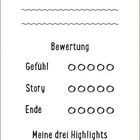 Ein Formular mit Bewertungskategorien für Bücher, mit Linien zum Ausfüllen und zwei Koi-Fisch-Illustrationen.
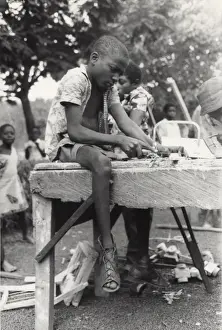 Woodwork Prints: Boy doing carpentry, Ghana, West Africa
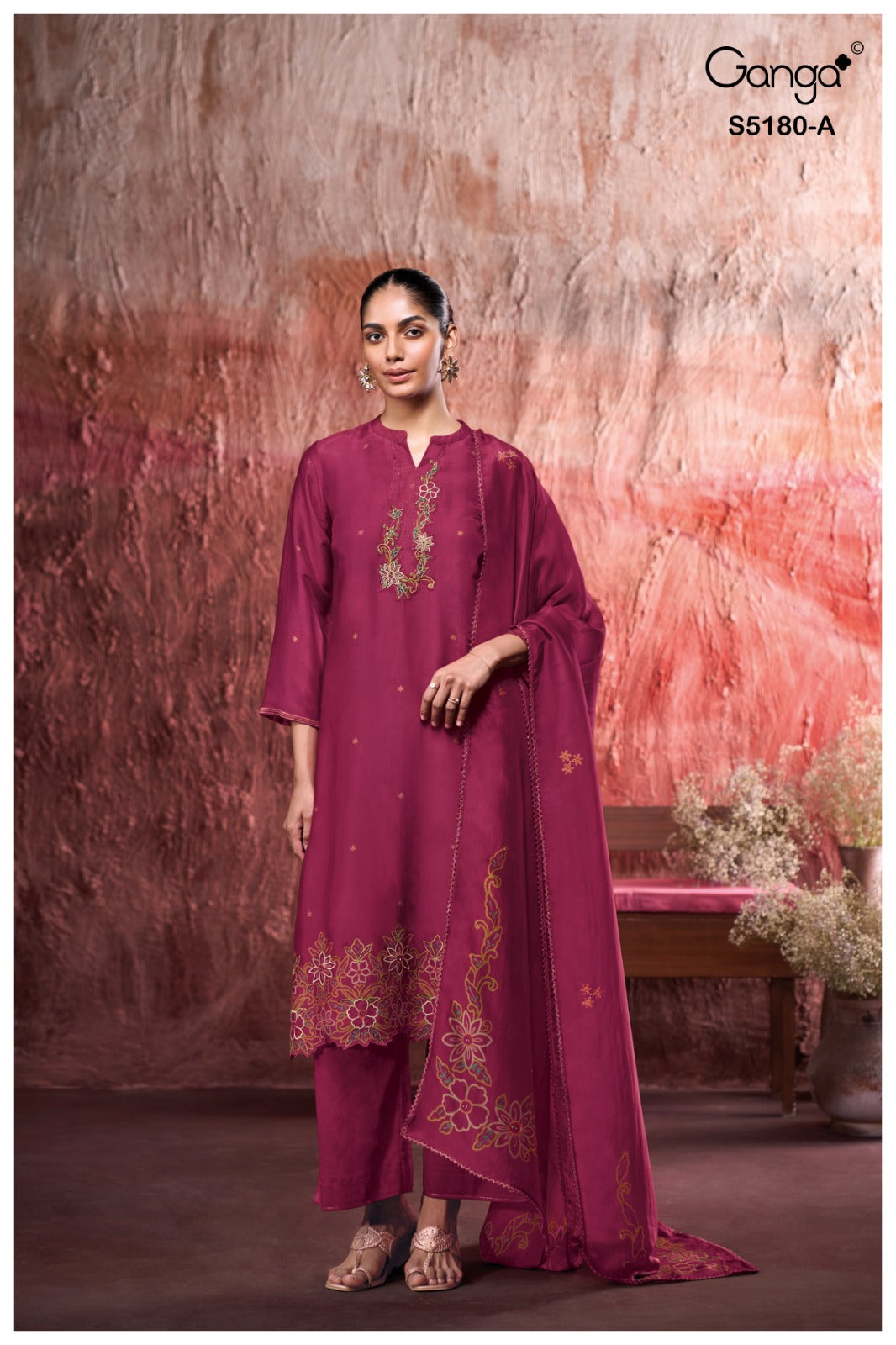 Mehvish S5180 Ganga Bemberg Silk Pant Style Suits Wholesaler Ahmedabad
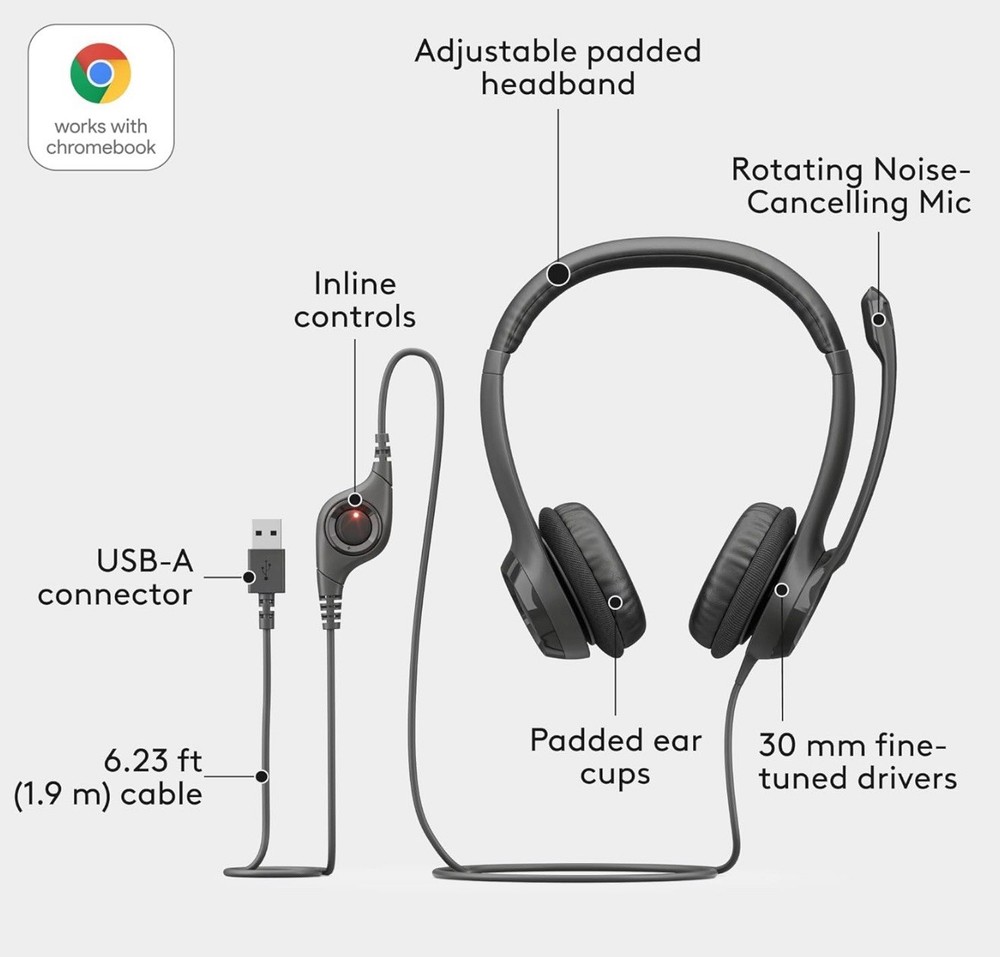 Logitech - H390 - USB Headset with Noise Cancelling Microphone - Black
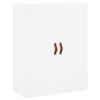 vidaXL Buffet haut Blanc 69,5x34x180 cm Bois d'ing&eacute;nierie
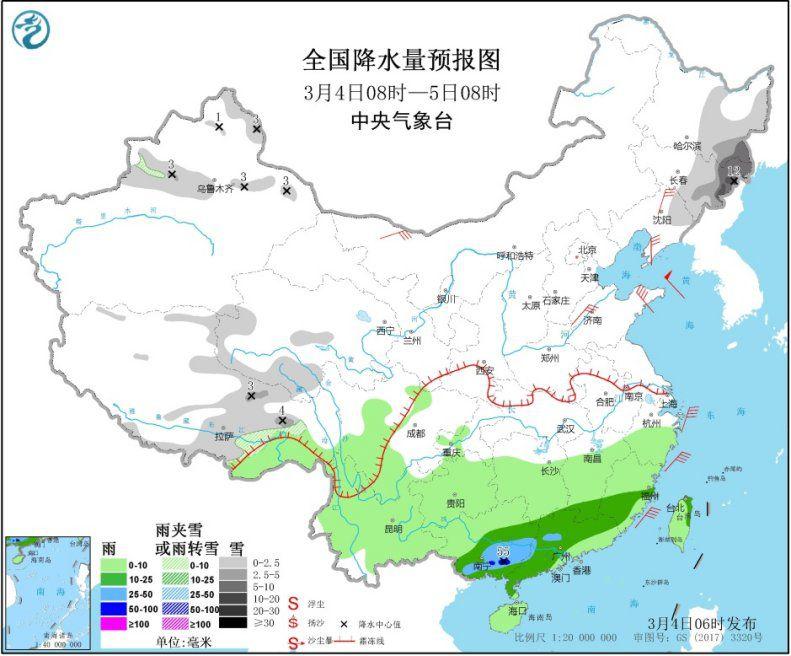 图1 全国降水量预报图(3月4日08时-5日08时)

---

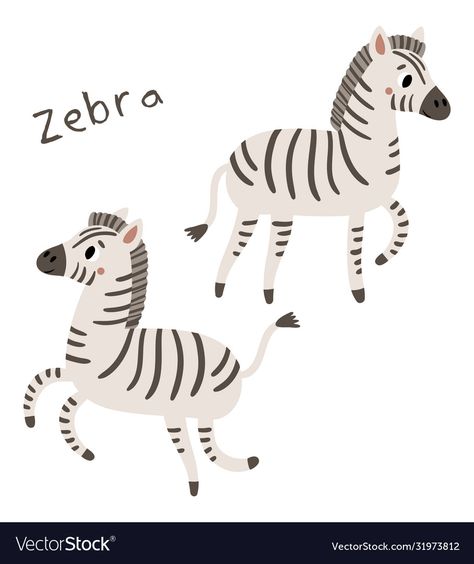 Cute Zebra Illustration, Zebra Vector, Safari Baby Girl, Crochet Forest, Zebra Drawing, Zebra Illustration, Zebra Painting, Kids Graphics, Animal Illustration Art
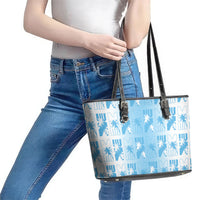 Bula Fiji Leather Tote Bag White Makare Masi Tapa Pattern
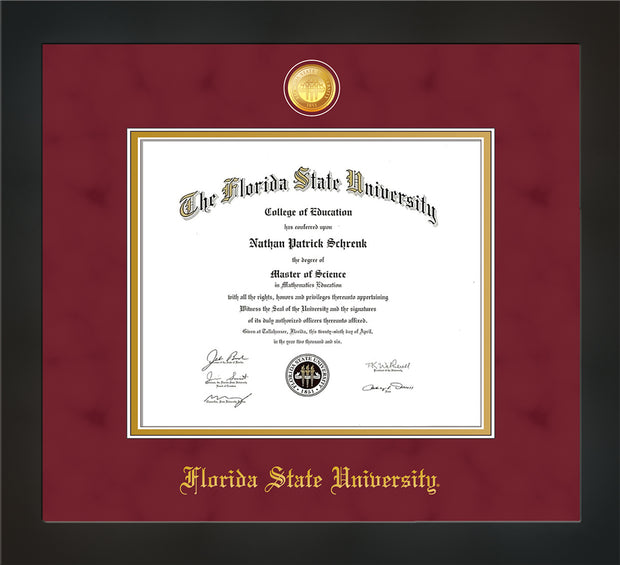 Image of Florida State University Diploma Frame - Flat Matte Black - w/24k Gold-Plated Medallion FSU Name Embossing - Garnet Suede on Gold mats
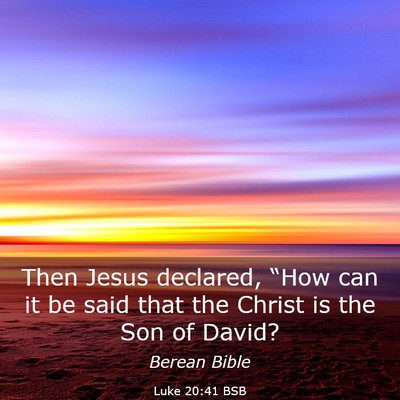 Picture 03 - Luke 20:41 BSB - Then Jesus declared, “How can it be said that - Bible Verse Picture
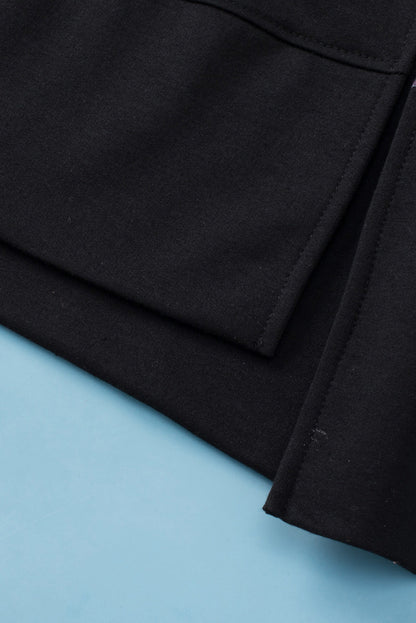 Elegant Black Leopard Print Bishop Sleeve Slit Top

--

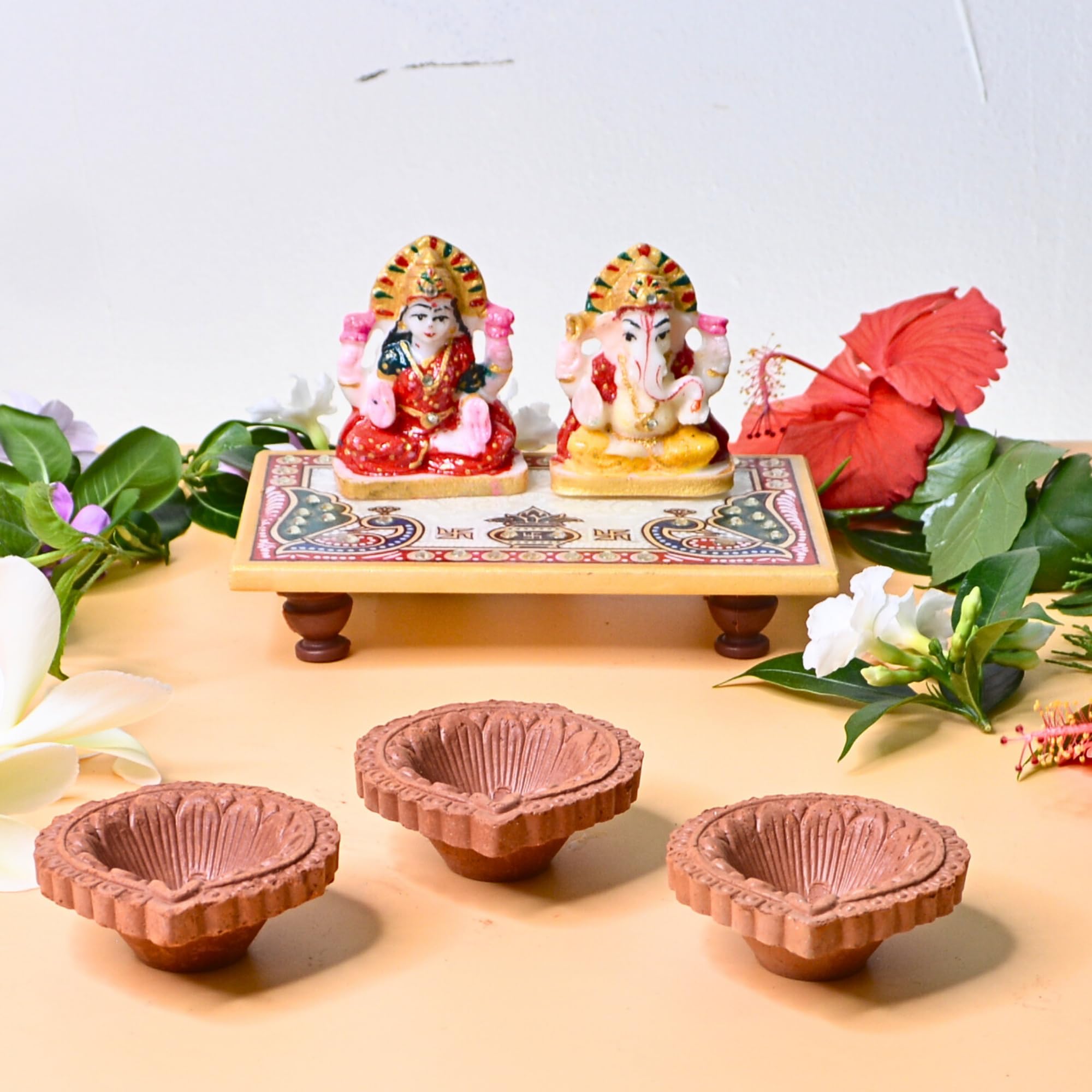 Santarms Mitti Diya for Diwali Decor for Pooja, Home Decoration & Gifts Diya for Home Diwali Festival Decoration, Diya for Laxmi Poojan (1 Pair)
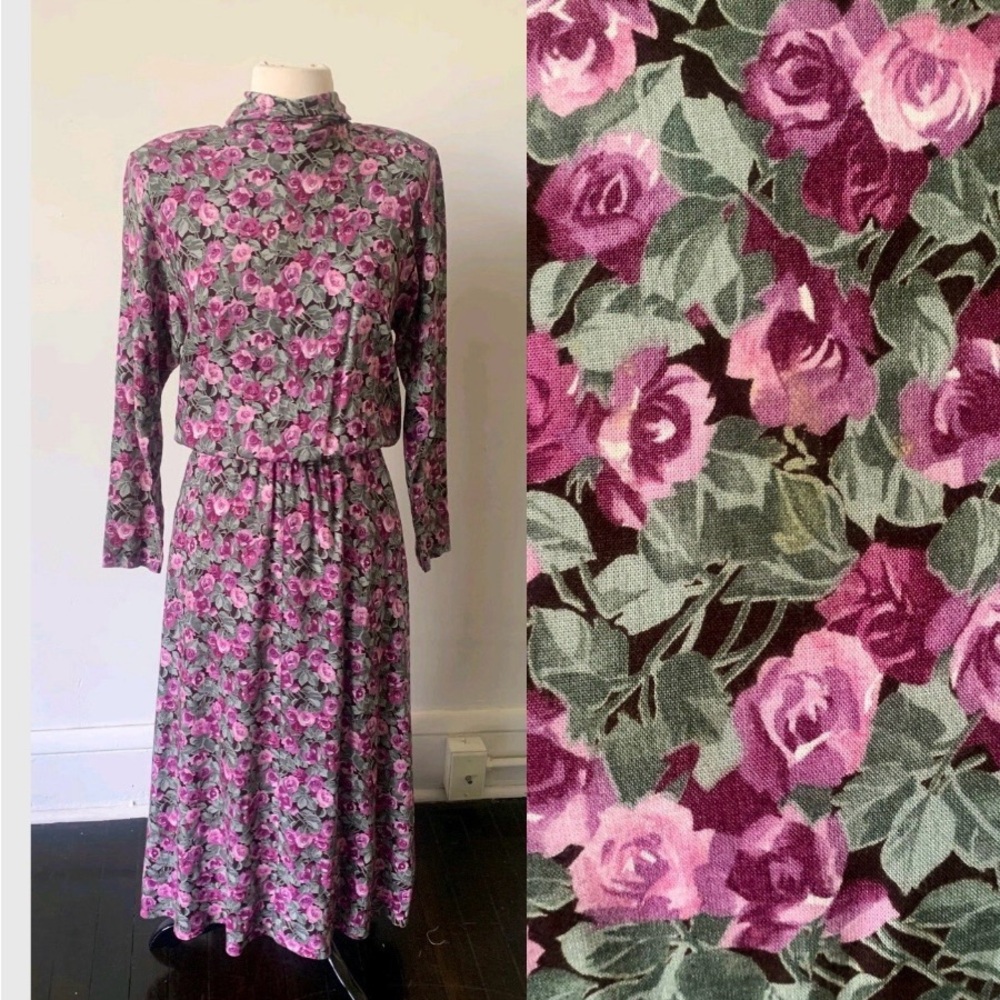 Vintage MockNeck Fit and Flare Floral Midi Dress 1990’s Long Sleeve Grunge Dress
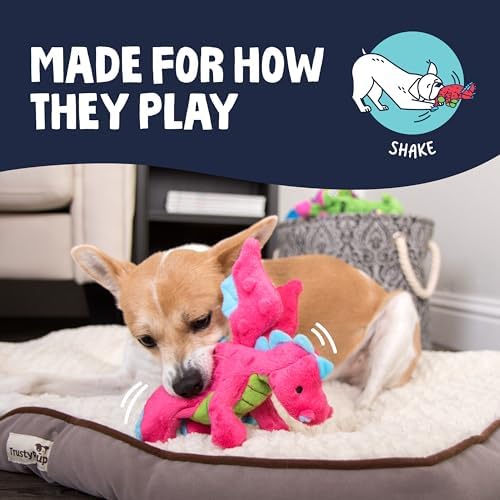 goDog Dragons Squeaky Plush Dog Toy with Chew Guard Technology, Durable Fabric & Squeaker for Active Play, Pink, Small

*What the task asks*.
Going by the data above, the answer is exactly the lines from the one holding "Woodwork Prints: Boy" to the one holding "图1 全国降水量预报图(3月4日08时-5日08时)", both kept, with the pictures left out.

*Response*.
 Woodwork Prints: Boy doing carpentry, Ghana, West Africa
 Mehvish S5180 Ganga Bemberg Silk Pant Style Suits Wholesaler Ahmedabad
 Logitech - H390 - USB Headset with Noise Cancelling Microphone - Black
 vidaXL Buffet haut Blanc 69,5x34x180 cm Bois d'ing&eacute;nierie
 图1 全国降水量预报图(3月4日08时-5日08时)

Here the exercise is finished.